Aside in the Aside: The Layout of Rust Code

This is a broad overview of what goes where in Rust. This, like the aside it's in, is not a replacement for the book, but a sub-section to aid you in reading the source code we provide.

As a descendant of C, Rust uses {} for blocks. There are four levels of blocks we'll nest our way into (this is in order of the tutorial's presentation):

  1. Module
  2. Struct, Enum, or trait declaration
  3. Function
  4. Impl block

Here's a fuller arrangement of what the blocks are and how they nest (simplified to only include common patterns):

  • Module
    • Struct, trait, or enum declaration
    • Impl block
      • Function
    • Function

Inside a function, there's control-flow. This is discussed in more detail as needed, so will be glossed over for our broad strokes. In fact, the broader strokes below only briefly sketch modules and impl blocks (the rest are assumed to be legible or covered as they are brought up).

Aside in the Aside: Modules

Zerothly: the book has more details here.

Firstly, a bit of philosophy:

Namespaces are a honking great idea -- let's do more of those! --Tim Peters, the Zen of Python

So? The first thing is that every filename.rs is implicitly in a module filename. But there's more! Rust has a module keyword so you can nest as much as you'd like with just one file. pub makes things public because everything is private by default (yay, encapsulation!). Hence, you'll see that our cli.rs opens with pub mod cli {.

In order to use modules elsewhere, you need to use them. This also has an edge case: if the module is another file in your application, you have to declare it with mod filename; in your main.rs.

To use your own modules from your application in your application, note that you have to use crate::<module path>. Inner modules are referred to after the ::. All these edge cases appear in our main.rs.

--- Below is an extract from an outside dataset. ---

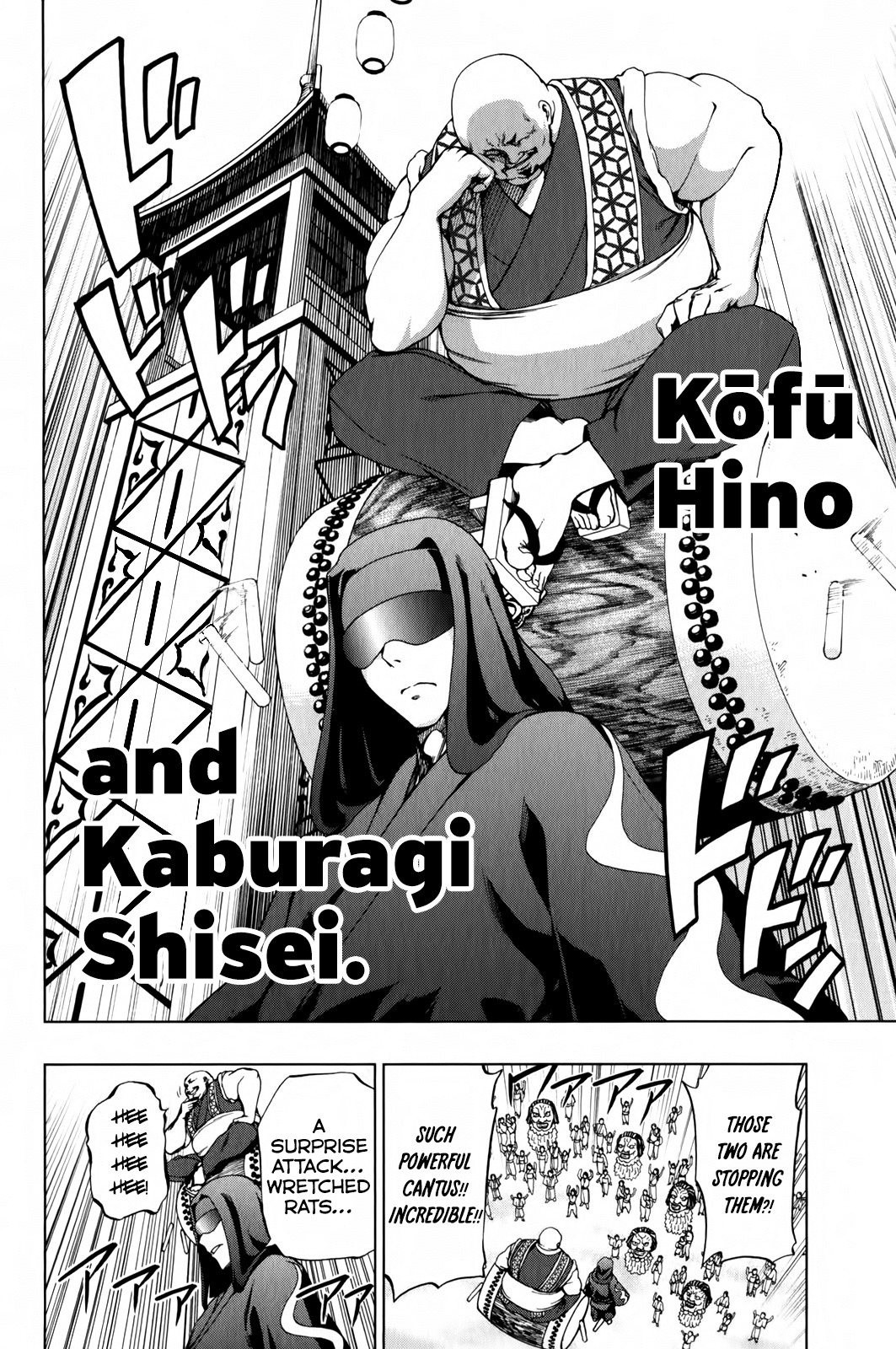 Shin Sekai yori Chapter 14 page 4 - Chapter 14: Darkness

Aside in the Aside: impl blocks

These blocks implement functions on data types. These are the methods in Java. There are two flavors of impl block:

  • Standalone
  • impl trait

A standalone impl block reads impl <type> { and in the block, you list out methods and implement them. These will be the methods your object can use. self is a magic keyword in the block that refers to the instance of the object you're calling the method on (if it's absent, the method is like a static function in Java or C++). Self is a magic keyword for the type that you're implementing methods for.

Impls are powerful statements about code, as explained in our math writeup.

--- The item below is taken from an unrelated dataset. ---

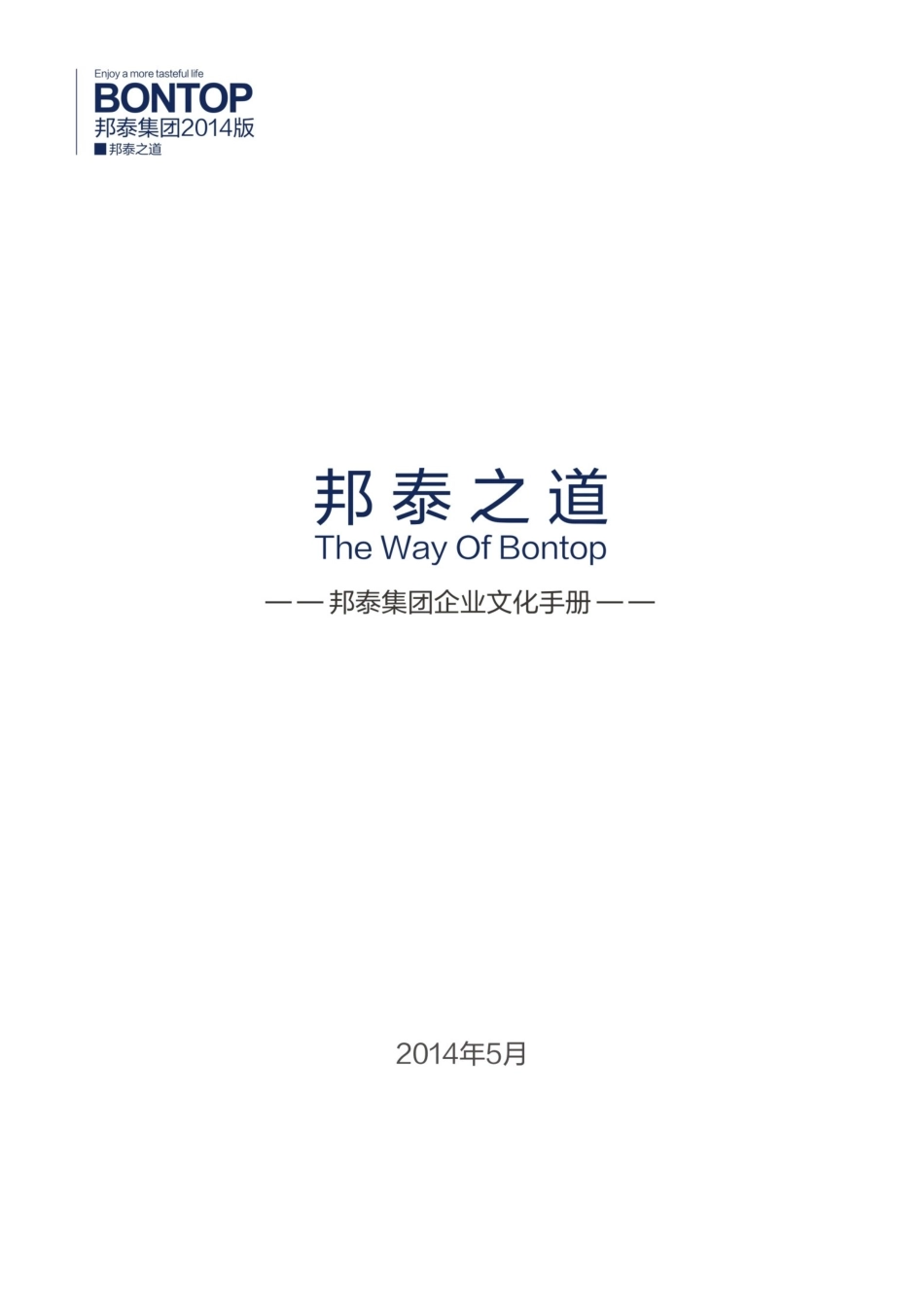 43 邦泰集团文化手册.docx_第3页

Aside in the Aside: Functions

These are the only parts that can contain executed code (the rest of the blocks being (arguably) mere data). OF course, the Rust book is more thorough.

We just note a handful of salient features:

  • Like in Ruby, return values can implicitly be the last evaluated expression's value.
  • There is no function overloading (traits can be used if needed).
  • The return type need not be "concrete" (it can be an opaque instance of an interface and the compiler does do this to support safe multi-threading).
  • Functions are private to the module unless they are prefixed by pub (like the struct, enum, and trait declarations that we omit -- enums and structs appear in the tutorial and trait declarations are beyond the scope of this tutorial).